Goal of the exercise - Print the lines in the listing below starting at the line with "LIU JO Felpa con cappuccio - white" and ending at the line with "Mammutmarsch Ruhrgebiet 2024 map", both included. Reproduce them exactly and omit every picture.

Dataset content -
────────
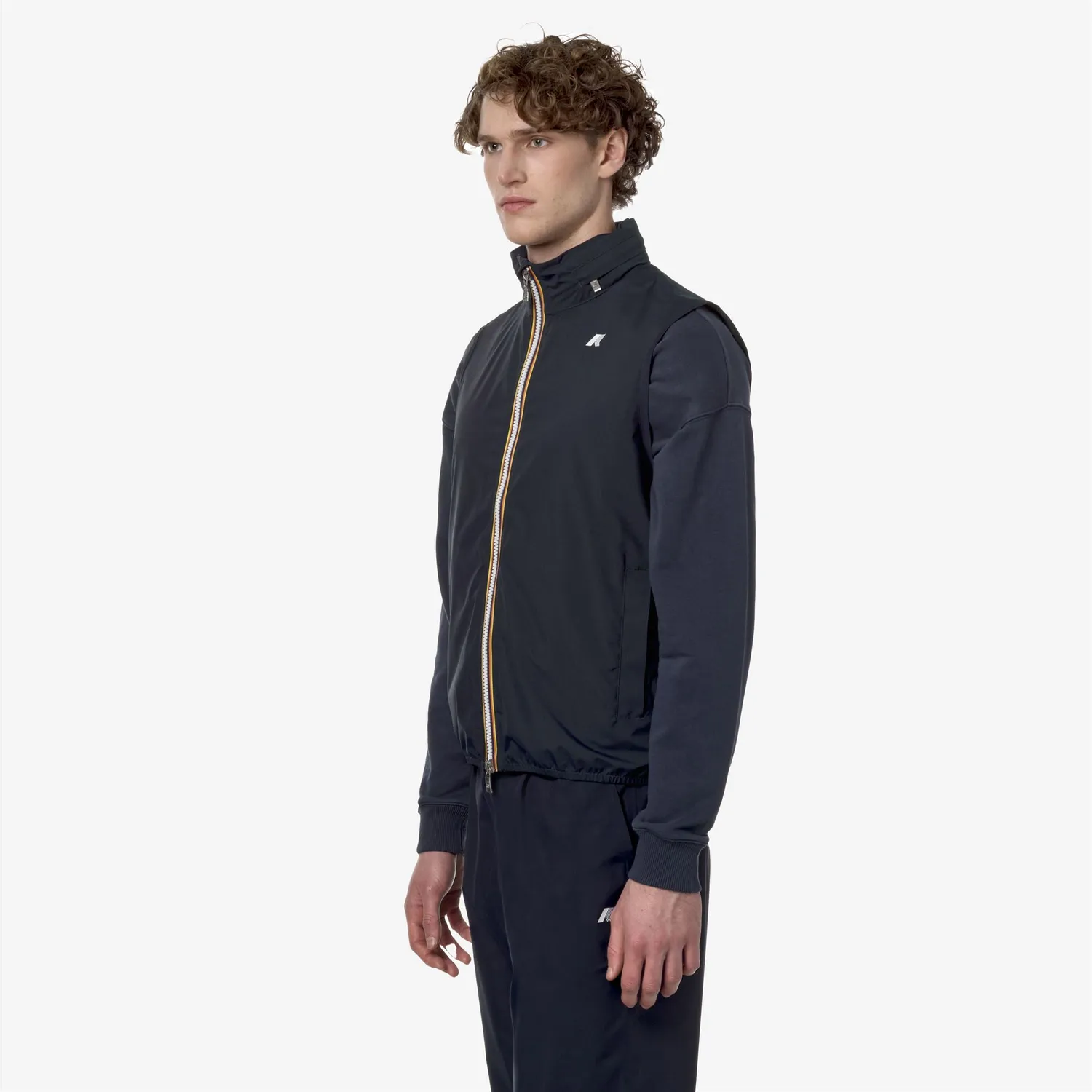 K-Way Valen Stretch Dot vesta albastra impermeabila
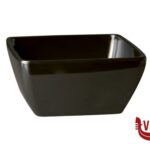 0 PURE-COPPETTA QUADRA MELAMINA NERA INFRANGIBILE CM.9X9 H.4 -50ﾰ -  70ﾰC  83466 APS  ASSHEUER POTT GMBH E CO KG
────────
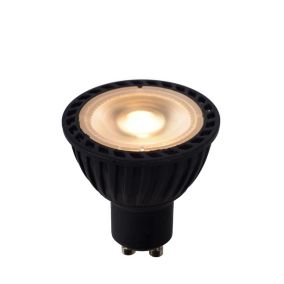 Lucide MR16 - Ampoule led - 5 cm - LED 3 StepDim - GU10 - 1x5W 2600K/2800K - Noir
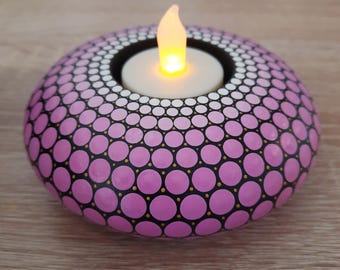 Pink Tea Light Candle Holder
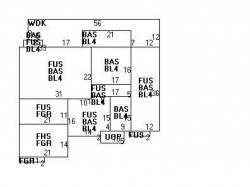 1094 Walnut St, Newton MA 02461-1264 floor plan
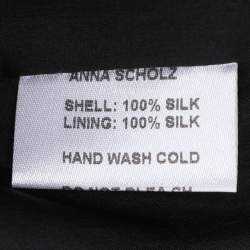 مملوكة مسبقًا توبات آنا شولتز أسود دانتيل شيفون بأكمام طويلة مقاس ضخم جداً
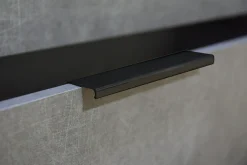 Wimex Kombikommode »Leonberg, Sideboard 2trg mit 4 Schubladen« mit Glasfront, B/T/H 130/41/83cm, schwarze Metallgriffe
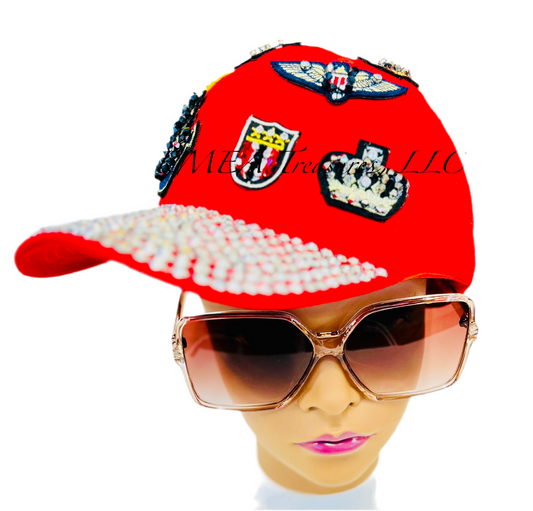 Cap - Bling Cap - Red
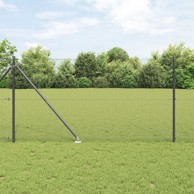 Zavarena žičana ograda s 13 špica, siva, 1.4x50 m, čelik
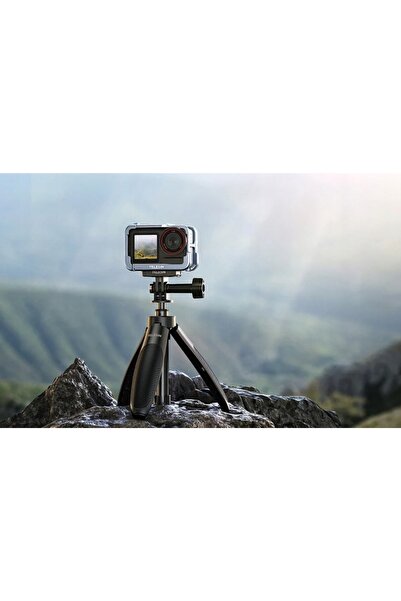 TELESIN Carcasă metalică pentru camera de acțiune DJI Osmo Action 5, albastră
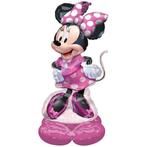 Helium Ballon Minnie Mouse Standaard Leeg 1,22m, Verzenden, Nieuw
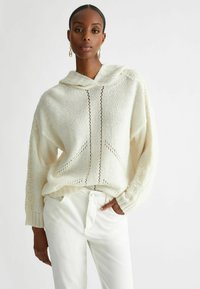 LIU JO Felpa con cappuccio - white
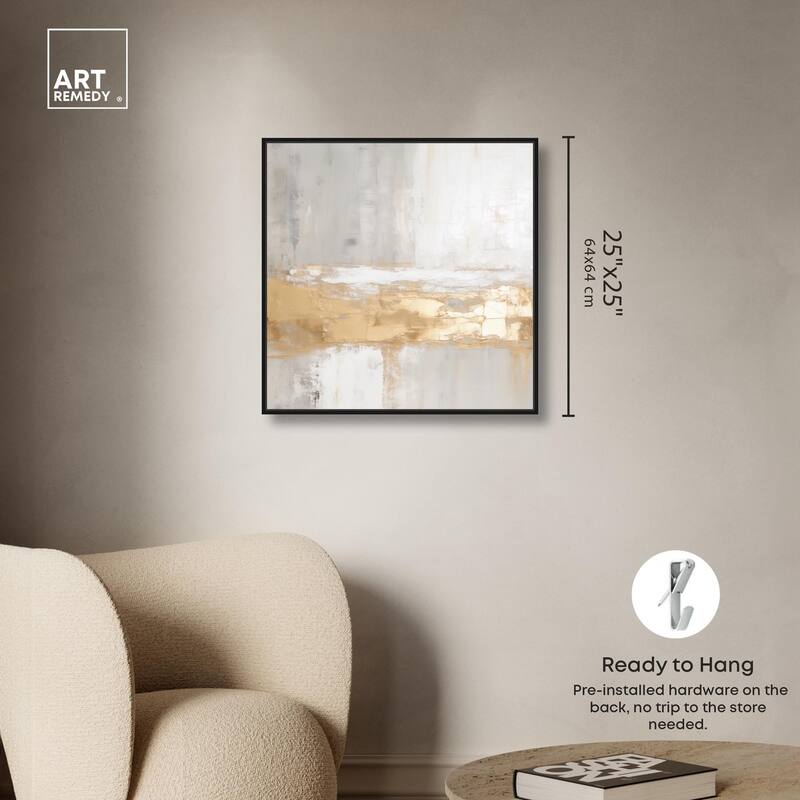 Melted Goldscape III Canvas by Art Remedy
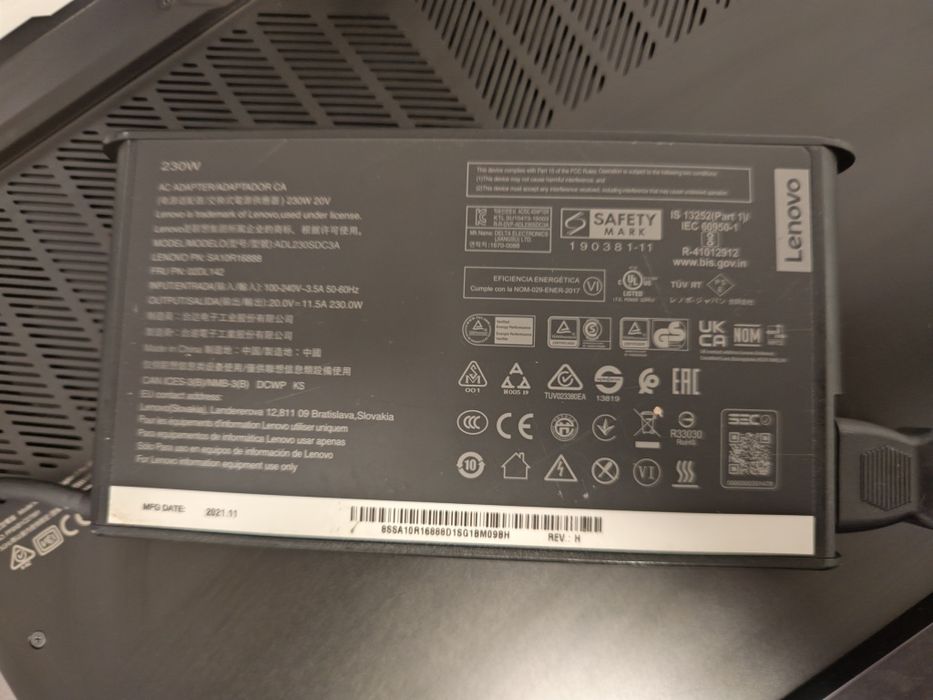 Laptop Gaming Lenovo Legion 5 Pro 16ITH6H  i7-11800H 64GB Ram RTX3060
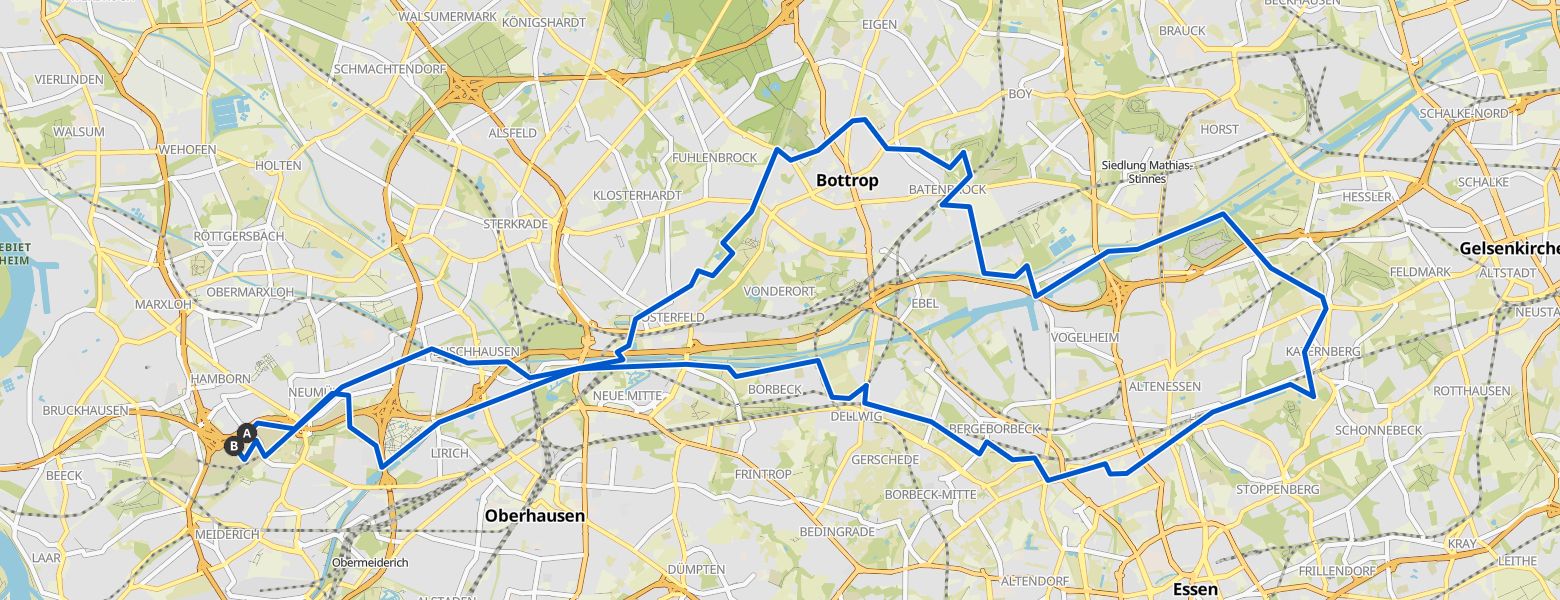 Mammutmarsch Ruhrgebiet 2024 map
────────
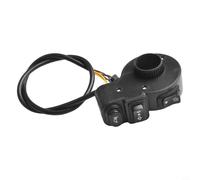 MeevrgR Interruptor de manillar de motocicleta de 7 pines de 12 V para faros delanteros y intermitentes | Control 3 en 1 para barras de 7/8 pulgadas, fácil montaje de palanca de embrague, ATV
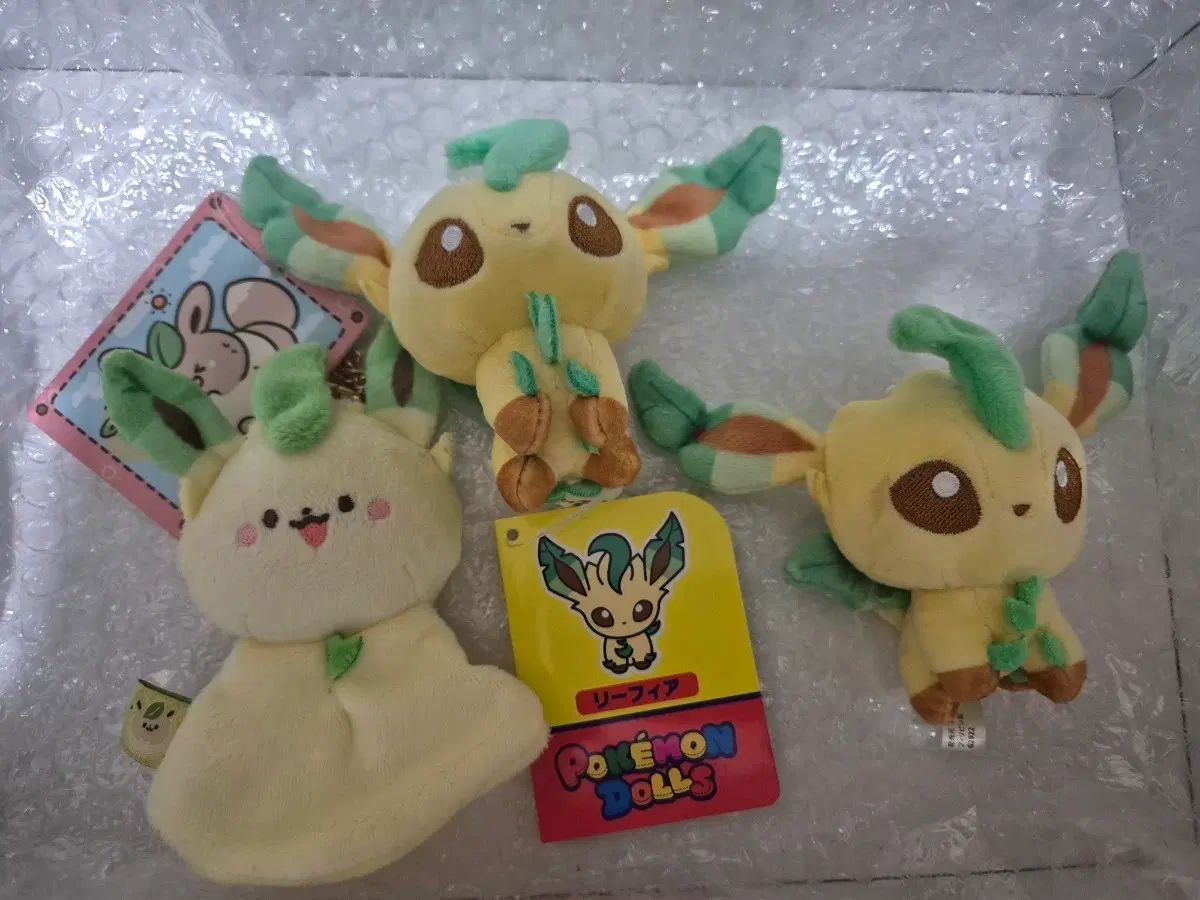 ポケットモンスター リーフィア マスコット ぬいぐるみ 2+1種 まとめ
────────
Result below -
 LIU JO Felpa con cappuccio - white
 Melted Goldscape III Canvas by Art Remedy
 Laptop Gaming Lenovo Legion 5 Pro 16ITH6H  i7-11800H 64GB Ram RTX3060
 Mammutmarsch Ruhrgebiet 2024 map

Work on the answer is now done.